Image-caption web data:
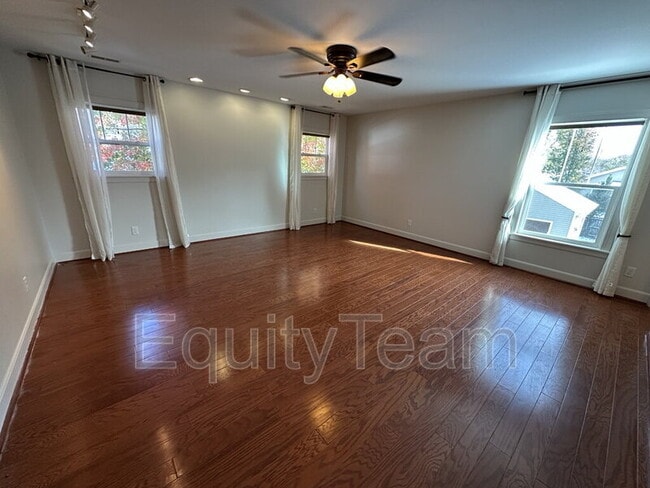 Building Photo - 3750 Petoskey Ave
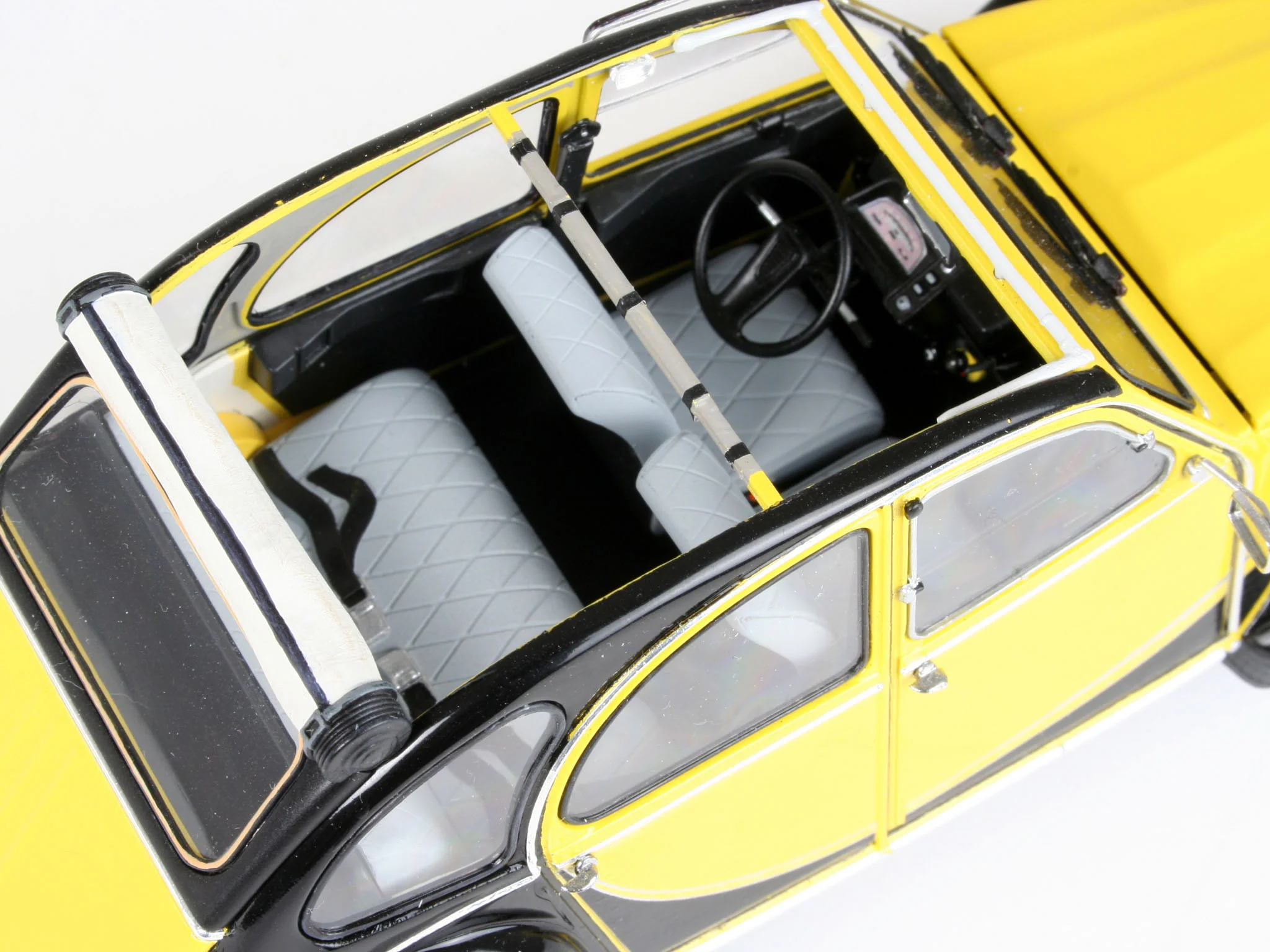 07095 Citroen 2CV Charleston (1:24 Scale) Model Kit - Image 5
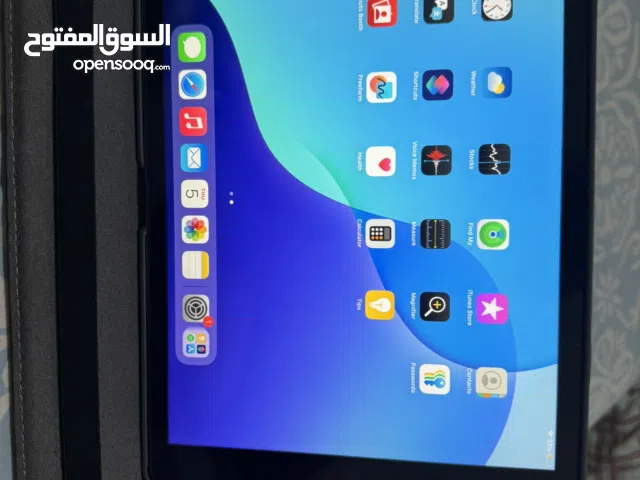 iPad 7 generation 128 GB with cellular very good condition without any scratch neat and clean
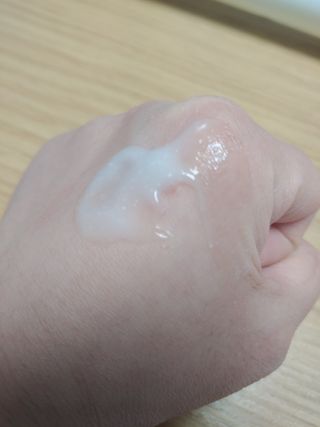 랑벨 수퍼내츄럴 아쿠아 수딩 크림 100ml — 5점을 준 리뷰어가 2022년 4월 올린 사용 사진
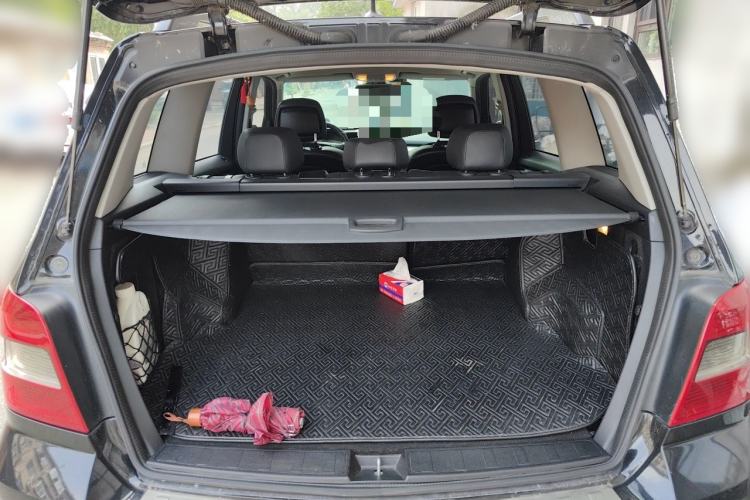 Used Mercedes-Benz GLK-Class 2011 GLK 300 4MATIC Dynamic Model Trunk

AIM OF THE TASK: The data above needs to be retyped exactly, with the images left out.

SOLUTION BELOW:
 Building Photo - 3750 Petoskey Ave
 07095 Citroen 2CV Charleston (1:24 Scale) Model Kit - Image 5
 iPad 7 generation 128 GB with cellular very good condition without any scratch neat and clean
 랑벨 수퍼내츄럴 아쿠아 수딩 크림 100ml — 5점을 준 리뷰어가 2022년 4월 올린 사용 사진
 Used Mercedes-Benz GLK-Class 2011 GLK 300 4MATIC Dynamic Model Trunk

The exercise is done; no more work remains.